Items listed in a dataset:
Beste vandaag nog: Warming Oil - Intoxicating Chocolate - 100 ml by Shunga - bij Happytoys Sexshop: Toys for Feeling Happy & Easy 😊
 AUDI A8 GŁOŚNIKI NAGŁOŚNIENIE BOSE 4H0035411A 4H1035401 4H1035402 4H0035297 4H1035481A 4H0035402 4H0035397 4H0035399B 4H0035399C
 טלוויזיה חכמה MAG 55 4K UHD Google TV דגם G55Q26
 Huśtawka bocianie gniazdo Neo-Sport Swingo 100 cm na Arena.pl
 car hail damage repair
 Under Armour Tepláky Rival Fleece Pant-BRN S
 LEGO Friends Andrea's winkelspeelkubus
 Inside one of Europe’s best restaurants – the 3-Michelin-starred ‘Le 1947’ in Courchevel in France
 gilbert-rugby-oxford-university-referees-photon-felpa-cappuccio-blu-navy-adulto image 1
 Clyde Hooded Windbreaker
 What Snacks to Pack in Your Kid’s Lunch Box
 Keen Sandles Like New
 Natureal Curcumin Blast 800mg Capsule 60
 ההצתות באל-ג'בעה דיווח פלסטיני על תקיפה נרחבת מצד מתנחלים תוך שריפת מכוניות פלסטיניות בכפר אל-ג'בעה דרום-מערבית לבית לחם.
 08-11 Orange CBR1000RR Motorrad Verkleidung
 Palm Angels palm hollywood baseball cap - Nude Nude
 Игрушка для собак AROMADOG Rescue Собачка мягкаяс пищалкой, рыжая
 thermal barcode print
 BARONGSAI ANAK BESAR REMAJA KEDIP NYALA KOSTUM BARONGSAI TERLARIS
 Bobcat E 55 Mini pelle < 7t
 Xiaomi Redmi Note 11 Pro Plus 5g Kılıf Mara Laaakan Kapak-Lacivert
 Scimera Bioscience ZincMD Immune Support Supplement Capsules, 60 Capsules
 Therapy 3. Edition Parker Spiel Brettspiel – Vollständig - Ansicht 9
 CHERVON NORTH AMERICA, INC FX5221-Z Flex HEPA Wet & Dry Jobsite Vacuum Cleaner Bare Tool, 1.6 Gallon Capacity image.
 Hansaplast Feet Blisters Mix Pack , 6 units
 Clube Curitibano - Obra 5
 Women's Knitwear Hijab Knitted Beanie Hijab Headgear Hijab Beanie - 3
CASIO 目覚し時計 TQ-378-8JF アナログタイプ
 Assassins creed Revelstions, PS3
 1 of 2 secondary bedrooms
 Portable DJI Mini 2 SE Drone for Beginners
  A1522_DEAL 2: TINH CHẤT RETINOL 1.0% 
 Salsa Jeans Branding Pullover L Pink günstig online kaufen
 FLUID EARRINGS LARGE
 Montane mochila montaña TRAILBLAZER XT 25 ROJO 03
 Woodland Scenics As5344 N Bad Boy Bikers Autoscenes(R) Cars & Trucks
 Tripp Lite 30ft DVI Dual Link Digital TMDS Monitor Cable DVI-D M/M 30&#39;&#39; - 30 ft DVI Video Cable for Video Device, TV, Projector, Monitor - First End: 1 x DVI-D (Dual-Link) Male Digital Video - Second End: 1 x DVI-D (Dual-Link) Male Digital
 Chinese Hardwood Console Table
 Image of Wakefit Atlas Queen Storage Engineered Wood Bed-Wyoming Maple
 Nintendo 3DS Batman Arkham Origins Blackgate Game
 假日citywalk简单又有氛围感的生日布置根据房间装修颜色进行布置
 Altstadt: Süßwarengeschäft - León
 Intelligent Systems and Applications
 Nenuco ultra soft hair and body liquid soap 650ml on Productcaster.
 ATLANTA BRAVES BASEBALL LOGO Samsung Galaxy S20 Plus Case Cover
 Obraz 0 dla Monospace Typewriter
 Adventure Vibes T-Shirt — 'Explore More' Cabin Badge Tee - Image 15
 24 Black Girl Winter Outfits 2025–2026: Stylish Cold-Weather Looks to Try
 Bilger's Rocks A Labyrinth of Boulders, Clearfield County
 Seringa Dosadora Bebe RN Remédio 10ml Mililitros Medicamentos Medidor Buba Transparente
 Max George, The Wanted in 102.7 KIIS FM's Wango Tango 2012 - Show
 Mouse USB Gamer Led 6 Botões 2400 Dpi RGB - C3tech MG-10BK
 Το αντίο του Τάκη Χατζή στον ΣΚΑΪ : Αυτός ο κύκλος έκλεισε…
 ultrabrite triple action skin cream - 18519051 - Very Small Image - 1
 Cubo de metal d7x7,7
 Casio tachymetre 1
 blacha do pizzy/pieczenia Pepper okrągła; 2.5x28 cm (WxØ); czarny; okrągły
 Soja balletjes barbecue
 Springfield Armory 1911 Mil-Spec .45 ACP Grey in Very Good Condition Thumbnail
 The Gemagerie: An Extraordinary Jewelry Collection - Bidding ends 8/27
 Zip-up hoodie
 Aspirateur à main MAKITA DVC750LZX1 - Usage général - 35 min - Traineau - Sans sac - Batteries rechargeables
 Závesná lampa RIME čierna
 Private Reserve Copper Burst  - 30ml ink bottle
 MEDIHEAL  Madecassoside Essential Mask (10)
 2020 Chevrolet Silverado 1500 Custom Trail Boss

WHAT YOU HAVE TO DO =>
From the records above, give again exactly the lines running from the line with "Under Armour Tepláky Rival Fleece Pant-BRN S" to the line with "Bobcat E 55 Mini pelle < 7t", inclusive.

SOLUTION TO THE EXERCISE =>
 Under Armour Tepláky Rival Fleece Pant-BRN S
 LEGO Friends Andrea's winkelspeelkubus
 Inside one of Europe’s best restaurants – the 3-Michelin-starred ‘Le 1947’ in Courchevel in France
 gilbert-rugby-oxford-university-referees-photon-felpa-cappuccio-blu-navy-adulto image 1
 Clyde Hooded Windbreaker
 What Snacks to Pack in Your Kid’s Lunch Box
 Keen Sandles Like New
 Natureal Curcumin Blast 800mg Capsule 60
 ההצתות באל-ג'בעה דיווח פלסטיני על תקיפה נרחבת מצד מתנחלים תוך שריפת מכוניות פלסטיניות בכפר אל-ג'בעה דרום-מערבית לבית לחם.
 08-11 Orange CBR1000RR Motorrad Verkleidung
 Palm Angels palm hollywood baseball cap - Nude Nude
 Игрушка для собак AROMADOG Rescue Собачка мягкаяс пищалкой, рыжая
 thermal barcode print
 BARONGSAI ANAK BESAR REMAJA KEDIP NYALA KOSTUM BARONGSAI TERLARIS
 Bobcat E 55 Mini pelle < 7t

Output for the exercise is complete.